Every line we paint, if we paint it honestly, tells the story of us and our feelings about the subject.

Sometimes it rains, by Carol L. Douglas, available through Ocean Park Association.

My husband is a stylish bass player. He says that he seldom thinks about style; instead, it’s that space between what he is technically capable of playing and what he’s visualized. I recognize that the same thing is true in my own painting.

I never get into questions of style with my students. It’s ineffable. I once had a teacher who lauded the heavy lines in my painting. “It’s your style,” he said. Actually, I didn’t like it but I hadn’t learned to marry edges yet.

Jennifer Johnson rode up to Schoodic Institute with me yesterday; this is her fourth year at my Sea & Sky workshop.

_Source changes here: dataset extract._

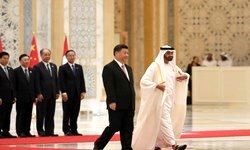 هدف حیله‌گرانه امارات علیه ایران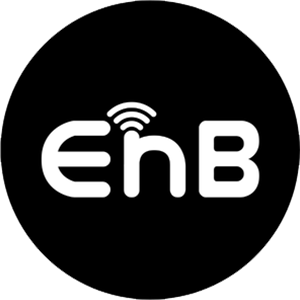 EnB Mobile Malaysia logo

She’s learned to produce a competent painting in a reasonable amount of time. “But how do I put my own emotion, my own self, into my painting?” she asked me. I had to laugh. Her paintings are as lively and quirky as she is.

Tom Sawyer’s Fence, by Carol L. Douglas, available.

No two artists paint the same scene the same way. Coincidentally, most of my plein air class on Tuesday chose the exact same long view to paint: a majestic vista down Clary Hill’s blueberry barrens. Each painting was markedly different.

Every line we paint, if we paint it honestly, tells the story of us and our feelings about the subject. Style is not something you add into a painting; it’s a reflection of your personality.

That doesn’t mean we shouldn’t paint deeper subjects. I don’t paint boats just because they’re beautiful, but because they’re meaningful symbols of the human journey. But the essential self-expression happens not in the content, but in the paintwork itself.

Blueberry barrens, Clary Hill, by Carol L. Douglas. Available through Maine Farmland Trust Gallery.

I’ve noticed that artists—myself included—often want to obliterate the very things in our painting that are most honest and autobiographical. Our brushwork can feel crabbed to us even if other viewers see it as intense or lyrical. We want to make things that are smooth, refined, and loose even when we’re uproarious or unsettled.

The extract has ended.